1176208The New International Encyclopædia — Welsh, Herbert

WELSH, Herbert (1851—). An American political reformer and worker for the betterment of the Indians. He was born in Philadelphia, the son of John Welsh (q.v.). He graduated at the University of Pennsylvania (1871), became known as an earnest advocate of the rights of Indians, visited the Sioux Reservation in 1882, and urged upon the public and Congress education for Indian children, holding of lands in severalty by the Indians, and the extension of the civil law to their reservations.
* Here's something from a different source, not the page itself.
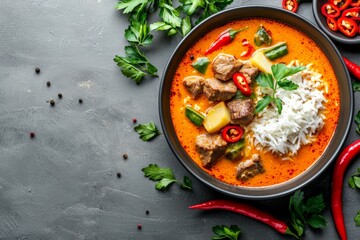Lush Bowl of Spicy Thai Curry Featuring Chunks of Tender Meat, Fresh Herbs, Colorful Vegetables, and Steamed Rice, Perfect for Food Lovers and Culinary Enthusiasts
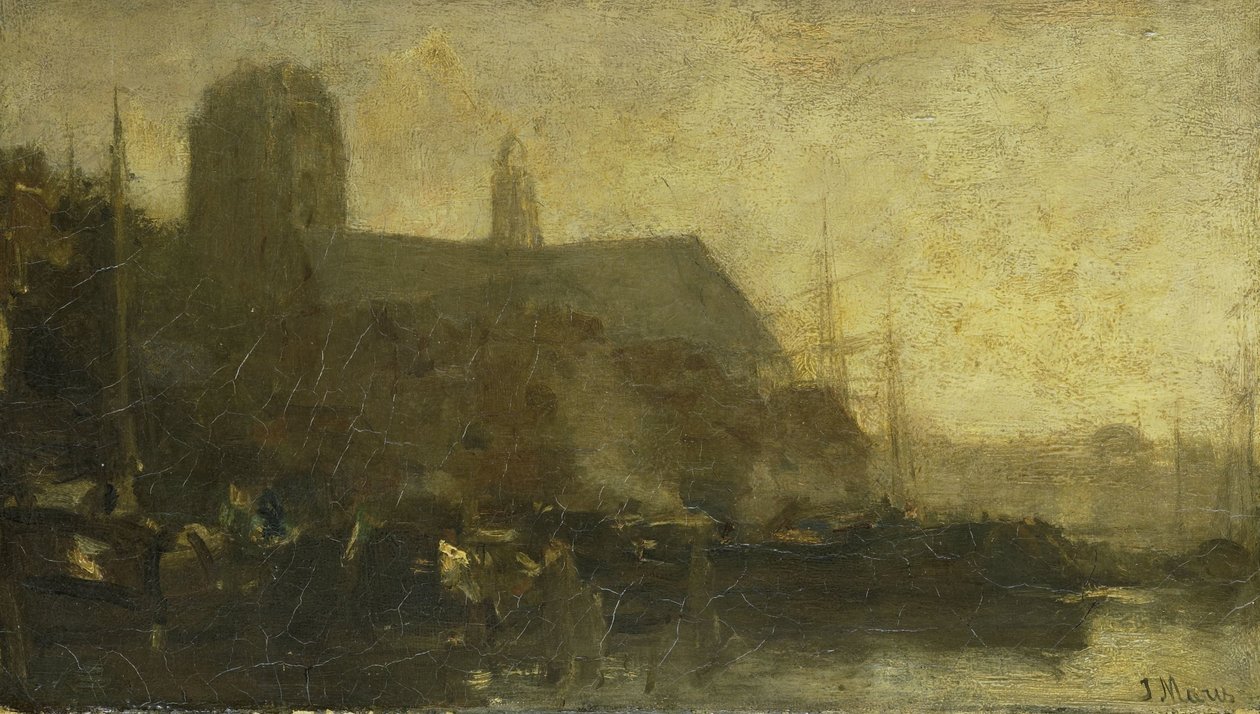 Navios no porto de Dordrecht de Jacob Maris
As a result of his lectures and addresses, the Indian Rights Association was founded in Philadelphia in 1883. He was also prominent in State politics as a reformer, especially in the election of 1890; was president of the Civil Service Reform Association of Pennsylvania, member of the executive committee of the National Civil Service Reform League, and editor of City and State, a weekly devoted to the interests of good government. His more noteworthy books are: Four Weeks Among Some of the Sioux Tribes in 1882; Civilization Among the Sioux Indians; A Visit to the Navajo, Pueblo, and Hualapai Indians of New Mexico and Arizona in 1884; and The Other Man's Country (1900), a criticism of the Government's Philippine policy.